2025年2月より各国で開催された「BF Labs」。ここでのフィードバックが「BF6」に活かされている

これぞBF! コンパクトなマップで緊迫感のある戦闘を楽しめる

 「BF6」のマルチプレイモードには「コンクエスト」や「ブレークスルー」、「ラッシュ」といった定番モードのほか、「チームデスマッチ」や「エスカレーション」など様々なモードが実装されている。今回の試遊はPC版で、マルチプレーヤーモードの「コンクエスト」を中心にプレイできた。
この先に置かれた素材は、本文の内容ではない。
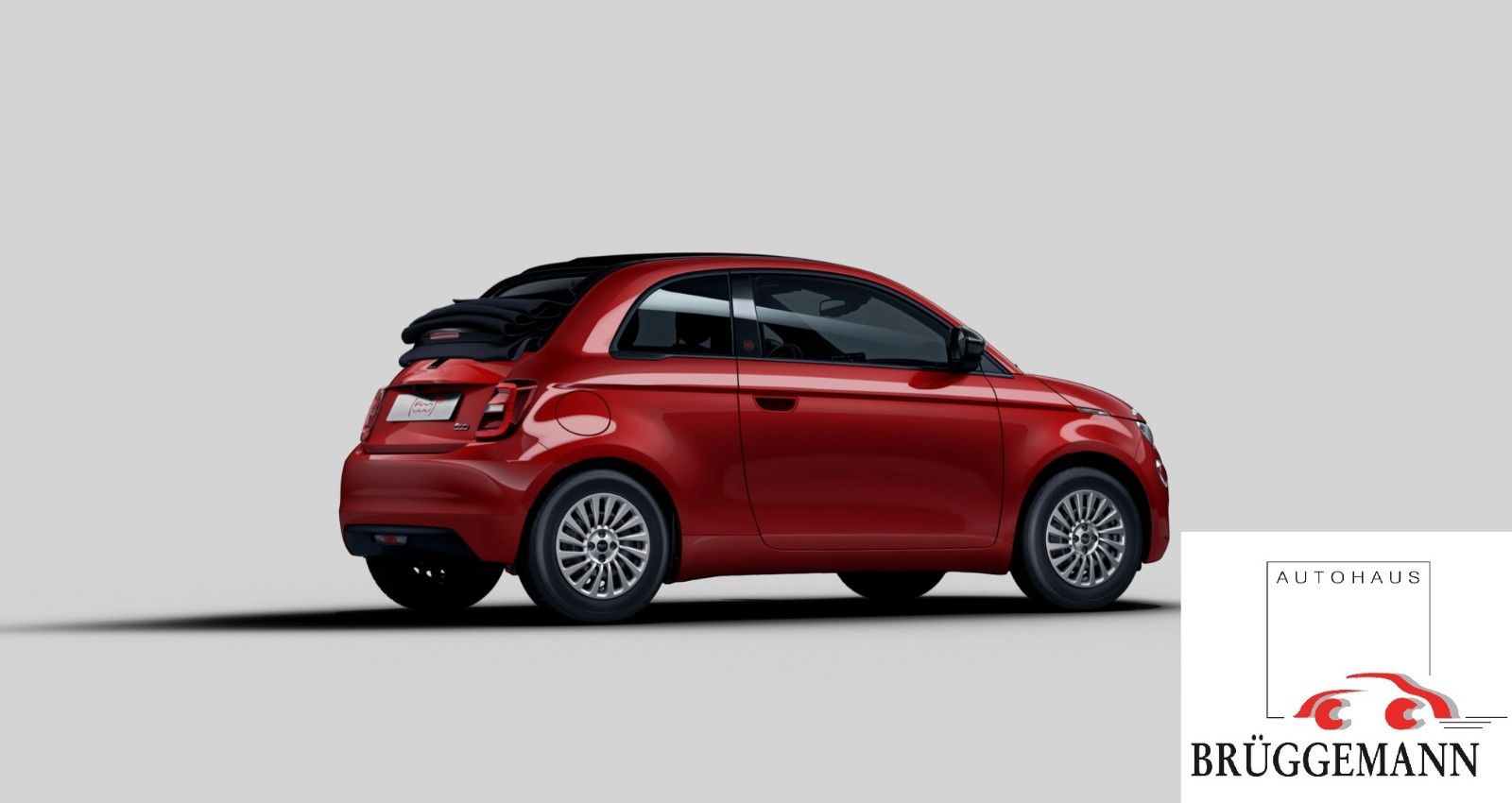 Fiat 500e Cabrio 42 kWh ++ verschiedene Farben ++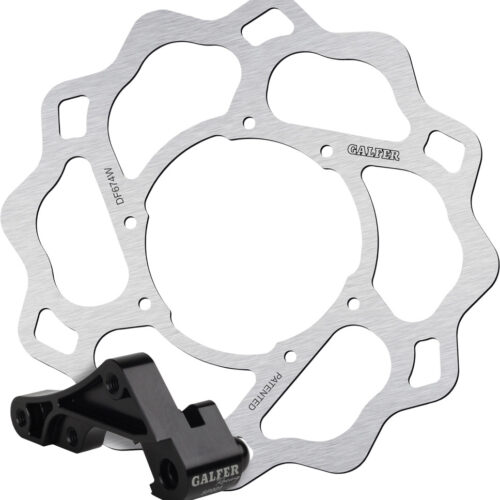 Rotor (disco de freno) GALFER Honda CRF450R 2004-2014  CRF250R 2004-2014  CRF250X 2004-20  Honda CRF450R 04-14 Honda CRF250R 04-14 Honda CRF250X 04-17 Honda CRF450X 05-17 Honda CR125R 04-07 Honda CR250R 04-07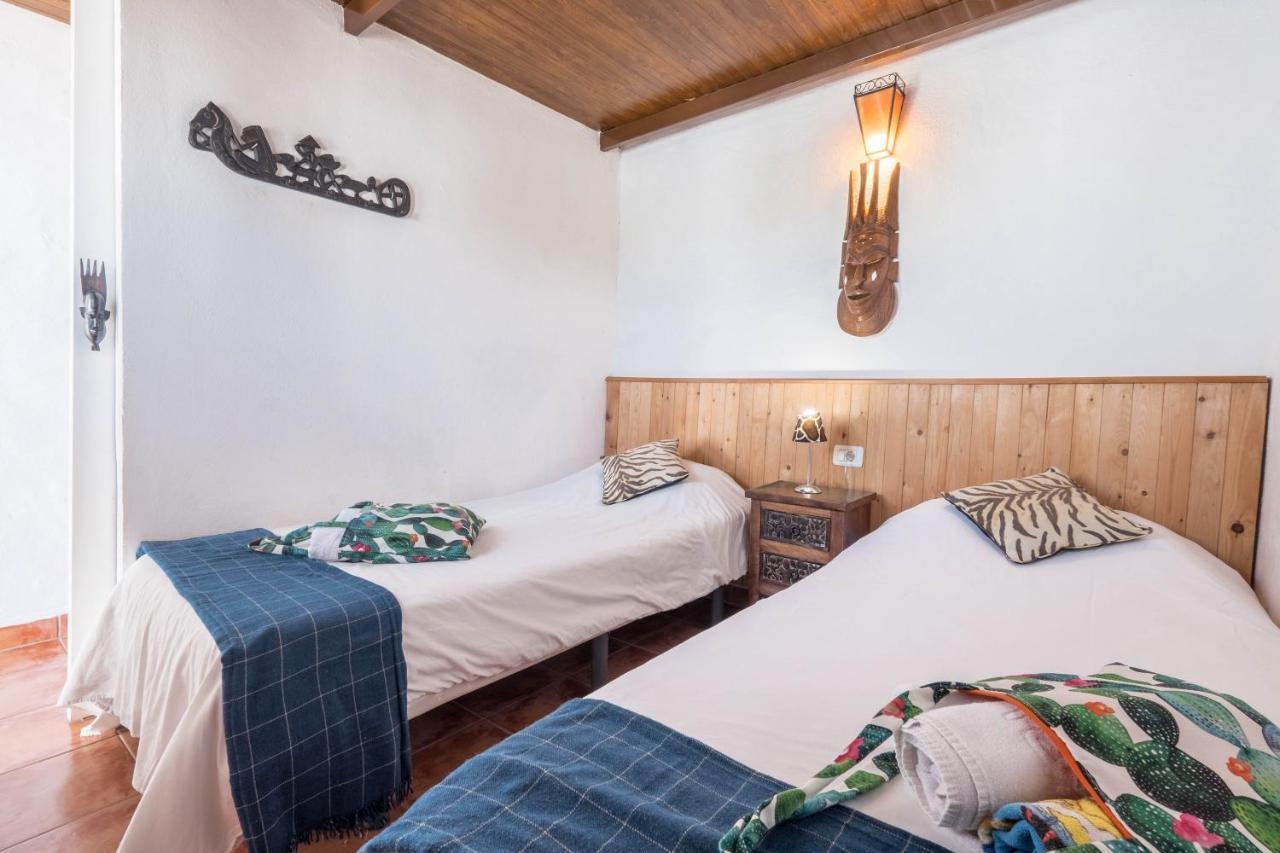 Casa Verode - Villa Perenquén Guía de Isora Esterno foto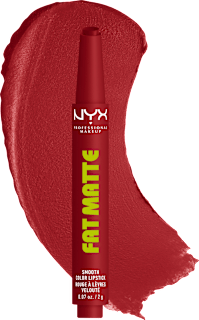 Lippenstift Fat Matte Smooth 18 Berry Smooth NYX PROFESSIONAL MAKEUP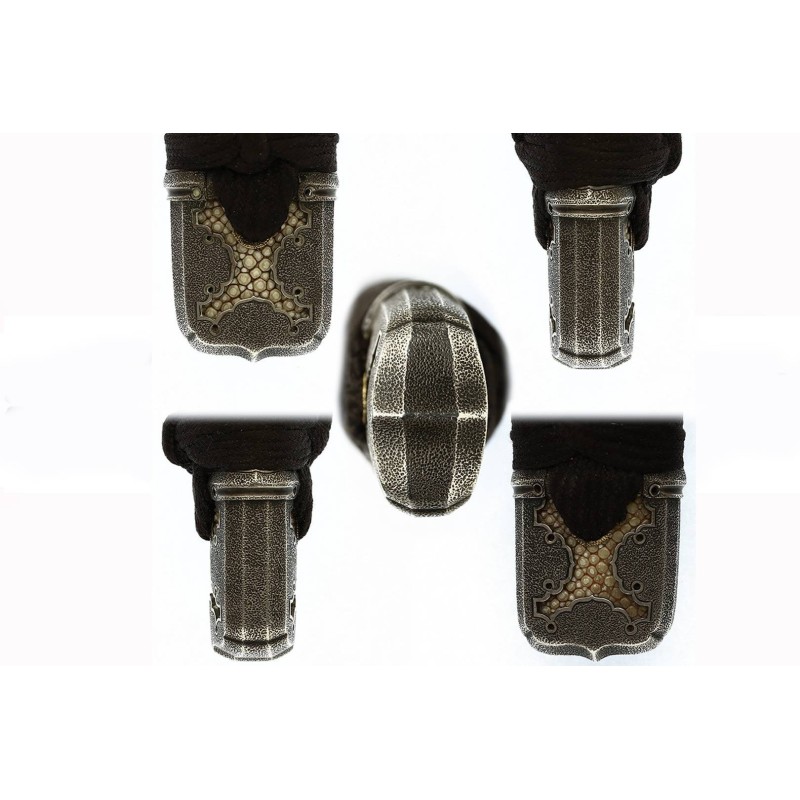 Harima Daijyo Fujiwara Shigetaka Tameshi Saidan Mei Wakizashi + NBTHK Hozon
 「コンクエスト」は「BF」シリーズの定番モード。32対32の64人による総力戦で、敵を排除しながら各地点を制圧し、相手チームのチケット(カウント)を「0」にしたら勝利となる。兵科は「突撃兵」、「工兵」、「援護兵」、「斥候兵」が用意されており、筆者は前線に出て敵と撃ち合ったり、戦車に乗って砲弾を撃ちまくるのが好きなので「突撃兵」を選択した。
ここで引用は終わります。